I live in a place where they’ve recently banned the use of mobile phones while driving, with additional penalties for texting. And I have a lot of company: Six U.S. states have prohibited handheld mobile use by drivers, and 20 won’t be happy with you if you SMS from behind the wheel.
(It’s having an impact. I’m noticing a sharp reduction in “Totally just ran someone over” tweets from friends.)
While the focus is on safety, and rightly so, I do wonder if there might be another benefit: inspiring more people to leave the car at home and take transit. Don’t laugh (well, not until you get to the cartoon, at which point I’d kind of appreciate it if you would). A lot of us treat mobile connectivity as a compulsion, and the enforced hour-long severing from the hive mind for twice-a-day commutes is a genuine pain point. And the growing strength of everything from location-aware apps to augmented reality will only sharpen it.

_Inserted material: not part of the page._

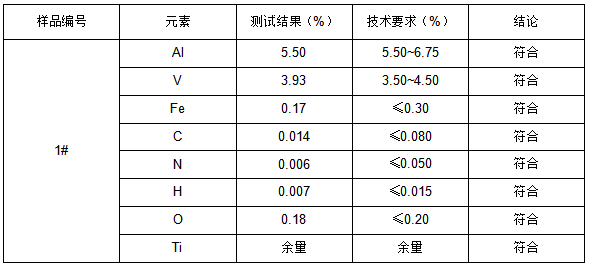TC4-R钛合号牌号鉴定 TC4-R钛合号牌号鉴定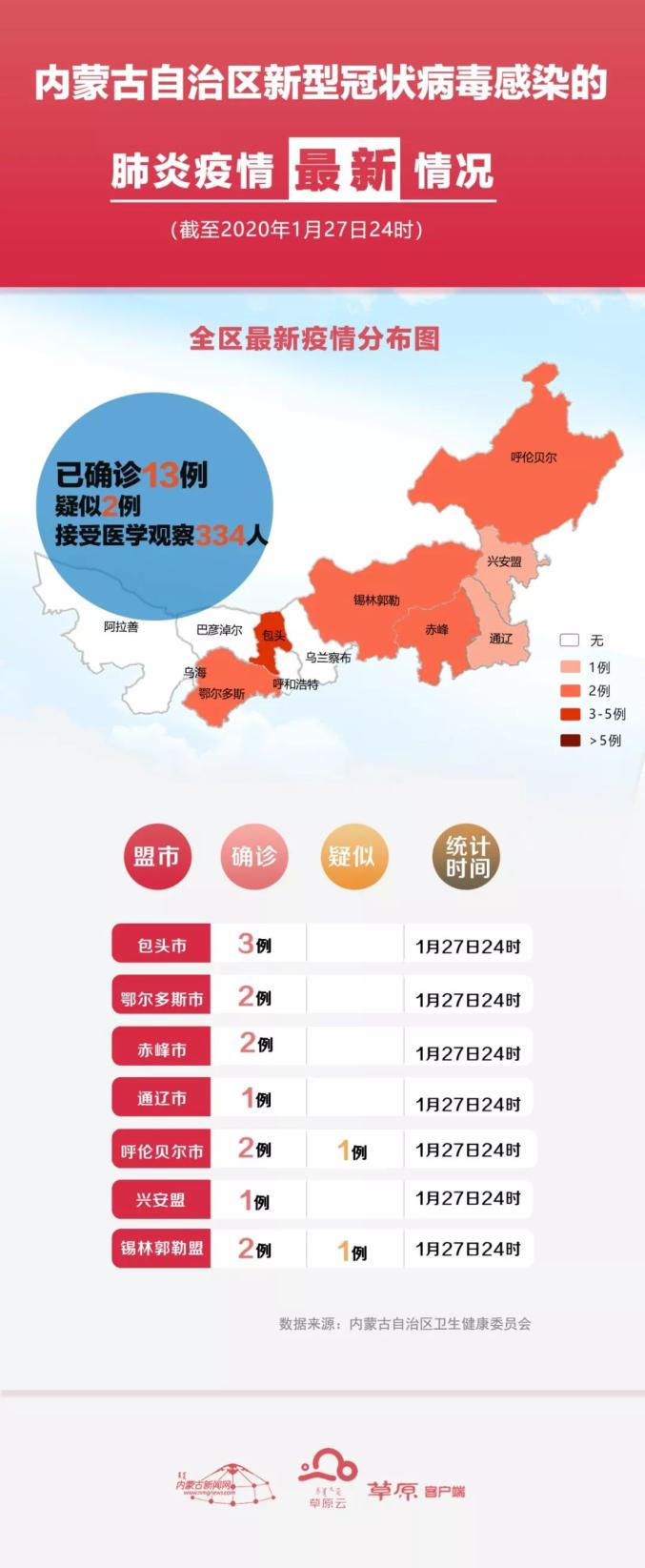 包头最新病例深度探究与全方位解读报告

For car drivers, the freedom of the open road, as illusory as it has been for decades, is about to get more so. Mass transit may at times be crowded and uncomfortable, but with the escape to cyberspace just a few keystrokes away, buses and trains may well eclipse the car as the homes of true mobile freedom.
Force me to choose between my mobile phone and my car, and I’ll do my best to hang onto the phone. Your mileage, of course, may vary; what choice will you make?